*WHAT THIS TASK INVOLVES*. What is needed here is an exact copy of all the records below.

*DATASET CONTENT*.
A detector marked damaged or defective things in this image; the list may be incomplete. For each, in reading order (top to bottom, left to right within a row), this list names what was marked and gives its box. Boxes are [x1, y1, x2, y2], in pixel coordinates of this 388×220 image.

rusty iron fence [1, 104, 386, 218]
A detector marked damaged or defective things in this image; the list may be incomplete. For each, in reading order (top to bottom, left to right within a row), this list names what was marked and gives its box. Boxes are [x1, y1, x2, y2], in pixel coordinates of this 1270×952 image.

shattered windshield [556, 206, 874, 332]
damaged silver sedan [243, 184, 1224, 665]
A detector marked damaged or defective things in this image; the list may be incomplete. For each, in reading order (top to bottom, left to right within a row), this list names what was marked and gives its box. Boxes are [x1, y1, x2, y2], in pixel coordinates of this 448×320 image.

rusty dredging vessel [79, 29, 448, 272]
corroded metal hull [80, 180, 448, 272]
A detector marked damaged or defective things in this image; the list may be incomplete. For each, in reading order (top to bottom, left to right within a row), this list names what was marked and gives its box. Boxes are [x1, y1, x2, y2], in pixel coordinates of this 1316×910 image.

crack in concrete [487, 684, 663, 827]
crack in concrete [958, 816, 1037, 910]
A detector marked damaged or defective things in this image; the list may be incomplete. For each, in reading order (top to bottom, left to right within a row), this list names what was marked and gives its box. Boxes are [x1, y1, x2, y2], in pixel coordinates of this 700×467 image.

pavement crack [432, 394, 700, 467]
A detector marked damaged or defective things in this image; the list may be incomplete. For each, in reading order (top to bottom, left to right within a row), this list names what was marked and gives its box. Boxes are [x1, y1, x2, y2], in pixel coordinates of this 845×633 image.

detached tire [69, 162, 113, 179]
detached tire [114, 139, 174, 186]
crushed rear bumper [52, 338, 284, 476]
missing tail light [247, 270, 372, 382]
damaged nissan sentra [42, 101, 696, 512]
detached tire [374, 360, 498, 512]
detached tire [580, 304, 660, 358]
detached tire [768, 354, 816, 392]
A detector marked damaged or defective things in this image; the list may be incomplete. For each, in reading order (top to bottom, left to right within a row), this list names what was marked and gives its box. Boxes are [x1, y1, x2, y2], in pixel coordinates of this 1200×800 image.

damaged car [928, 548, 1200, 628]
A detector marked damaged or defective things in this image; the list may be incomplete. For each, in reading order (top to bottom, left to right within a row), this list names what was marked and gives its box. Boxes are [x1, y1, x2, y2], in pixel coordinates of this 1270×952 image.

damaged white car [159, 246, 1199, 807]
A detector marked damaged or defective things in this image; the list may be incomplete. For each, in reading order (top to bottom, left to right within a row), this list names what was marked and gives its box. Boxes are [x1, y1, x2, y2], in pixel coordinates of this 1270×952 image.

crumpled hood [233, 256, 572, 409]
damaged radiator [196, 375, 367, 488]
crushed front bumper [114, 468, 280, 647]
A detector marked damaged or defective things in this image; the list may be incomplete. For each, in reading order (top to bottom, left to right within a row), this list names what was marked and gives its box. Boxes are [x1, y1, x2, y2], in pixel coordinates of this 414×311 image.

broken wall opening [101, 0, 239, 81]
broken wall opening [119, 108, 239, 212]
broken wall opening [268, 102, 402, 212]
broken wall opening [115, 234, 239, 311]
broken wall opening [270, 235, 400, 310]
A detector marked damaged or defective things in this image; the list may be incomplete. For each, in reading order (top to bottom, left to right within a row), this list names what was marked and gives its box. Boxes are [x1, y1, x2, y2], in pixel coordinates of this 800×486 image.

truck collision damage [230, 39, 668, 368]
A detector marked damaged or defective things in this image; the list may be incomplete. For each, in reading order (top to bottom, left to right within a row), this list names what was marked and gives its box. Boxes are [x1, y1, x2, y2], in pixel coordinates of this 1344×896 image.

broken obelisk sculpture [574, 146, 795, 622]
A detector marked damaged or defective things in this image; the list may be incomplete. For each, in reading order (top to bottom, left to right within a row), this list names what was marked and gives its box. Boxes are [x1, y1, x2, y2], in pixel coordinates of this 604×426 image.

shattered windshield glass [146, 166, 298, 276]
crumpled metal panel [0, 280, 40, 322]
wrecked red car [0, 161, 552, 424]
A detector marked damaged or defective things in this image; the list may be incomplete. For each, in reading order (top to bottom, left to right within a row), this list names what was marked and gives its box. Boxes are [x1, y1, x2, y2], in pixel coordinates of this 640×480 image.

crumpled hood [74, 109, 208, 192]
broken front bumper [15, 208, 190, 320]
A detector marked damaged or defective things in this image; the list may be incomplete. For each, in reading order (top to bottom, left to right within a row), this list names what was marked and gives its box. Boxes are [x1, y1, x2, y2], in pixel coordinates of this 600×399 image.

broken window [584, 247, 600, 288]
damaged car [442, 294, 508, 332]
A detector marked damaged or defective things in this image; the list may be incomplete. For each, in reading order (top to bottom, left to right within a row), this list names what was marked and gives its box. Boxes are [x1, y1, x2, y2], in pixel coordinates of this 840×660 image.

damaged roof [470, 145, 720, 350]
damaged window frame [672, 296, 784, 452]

*THE COMPLETED TASK*.
A detector marked damaged or defective things in this image; the list may be incomplete. For each, in reading order (top to bottom, left to right within a row), this list names what was marked and gives its box. Boxes are [x1, y1, x2, y2], in pixel coordinates of this 388×220 image.

rusty iron fence [1, 104, 386, 218]
A detector marked damaged or defective things in this image; the list may be incomplete. For each, in reading order (top to bottom, left to right within a row), this list names what was marked and gives its box. Boxes are [x1, y1, x2, y2], in pixel coordinates of this 1270×952 image.

shattered windshield [556, 206, 874, 332]
damaged silver sedan [243, 184, 1224, 665]
A detector marked damaged or defective things in this image; the list may be incomplete. For each, in reading order (top to bottom, left to right within a row), this list names what was marked and gives its box. Boxes are [x1, y1, x2, y2], in pixel coordinates of this 448×320 image.

rusty dredging vessel [79, 29, 448, 272]
corroded metal hull [80, 180, 448, 272]
A detector marked damaged or defective things in this image; the list may be incomplete. For each, in reading order (top to bottom, left to right within a row), this list names what was marked and gives its box. Boxes are [x1, y1, x2, y2], in pixel coordinates of this 1316×910 image.

crack in concrete [487, 684, 663, 827]
crack in concrete [958, 816, 1037, 910]
A detector marked damaged or defective things in this image; the list may be incomplete. For each, in reading order (top to bottom, left to right within a row), this list names what was marked and gives its box. Boxes are [x1, y1, x2, y2], in pixel coordinates of this 700×467 image.

pavement crack [432, 394, 700, 467]
A detector marked damaged or defective things in this image; the list may be incomplete. For each, in reading order (top to bottom, left to right within a row), this list names what was marked and gives its box. Boxes are [x1, y1, x2, y2], in pixel coordinates of this 845×633 image.

detached tire [69, 162, 113, 179]
detached tire [114, 139, 174, 186]
crushed rear bumper [52, 338, 284, 476]
missing tail light [247, 270, 372, 382]
damaged nissan sentra [42, 101, 696, 512]
detached tire [374, 360, 498, 512]
detached tire [580, 304, 660, 358]
detached tire [768, 354, 816, 392]
A detector marked damaged or defective things in this image; the list may be incomplete. For each, in reading order (top to bottom, left to right within a row), this list names what was marked and gives its box. Boxes are [x1, y1, x2, y2], in pixel coordinates of this 1200×800 image.

damaged car [928, 548, 1200, 628]
A detector marked damaged or defective things in this image; the list may be incomplete. For each, in reading order (top to bottom, left to right within a row), this list names what was marked and gives its box. Boxes are [x1, y1, x2, y2], in pixel coordinates of this 1270×952 image.

damaged white car [159, 246, 1199, 807]
A detector marked damaged or defective things in this image; the list may be incomplete. For each, in reading order (top to bottom, left to right within a row), this list names what was marked and gives its box. Boxes are [x1, y1, x2, y2], in pixel coordinates of this 1270×952 image.

crumpled hood [233, 256, 572, 409]
damaged radiator [196, 375, 367, 488]
crushed front bumper [114, 468, 280, 647]
A detector marked damaged or defective things in this image; the list may be incomplete. For each, in reading order (top to bottom, left to right within a row), this list names what was marked and gives its box. Boxes are [x1, y1, x2, y2], in pixel coordinates of this 414×311 image.

broken wall opening [101, 0, 239, 81]
broken wall opening [119, 108, 239, 212]
broken wall opening [268, 102, 402, 212]
broken wall opening [115, 234, 239, 311]
broken wall opening [270, 235, 400, 310]
A detector marked damaged or defective things in this image; the list may be incomplete. For each, in reading order (top to bottom, left to right within a row), this list names what was marked and gives its box. Boxes are [x1, y1, x2, y2], in pixel coordinates of this 800×486 image.

truck collision damage [230, 39, 668, 368]
A detector marked damaged or defective things in this image; the list may be incomplete. For each, in reading order (top to bottom, left to right within a row), this list names what was marked and gives its box. Boxes are [x1, y1, x2, y2], in pixel coordinates of this 1344×896 image.

broken obelisk sculpture [574, 146, 795, 622]
A detector marked damaged or defective things in this image; the list may be incomplete. For each, in reading order (top to bottom, left to right within a row), this list names what was marked and gives its box. Boxes are [x1, y1, x2, y2], in pixel coordinates of this 604×426 image.

shattered windshield glass [146, 166, 298, 276]
crumpled metal panel [0, 280, 40, 322]
wrecked red car [0, 161, 552, 424]
A detector marked damaged or defective things in this image; the list may be incomplete. For each, in reading order (top to bottom, left to right within a row), this list names what was marked and gives its box. Boxes are [x1, y1, x2, y2], in pixel coordinates of this 640×480 image.

crumpled hood [74, 109, 208, 192]
broken front bumper [15, 208, 190, 320]
A detector marked damaged or defective things in this image; the list may be incomplete. For each, in reading order (top to bottom, left to right within a row), this list names what was marked and gives its box. Boxes are [x1, y1, x2, y2], in pixel coordinates of this 600×399 image.

broken window [584, 247, 600, 288]
damaged car [442, 294, 508, 332]
A detector marked damaged or defective things in this image; the list may be incomplete. For each, in reading order (top to bottom, left to right within a row), this list names what was marked and gives its box. Boxes are [x1, y1, x2, y2], in pixel coordinates of this 840×660 image.

damaged roof [470, 145, 720, 350]
damaged window frame [672, 296, 784, 452]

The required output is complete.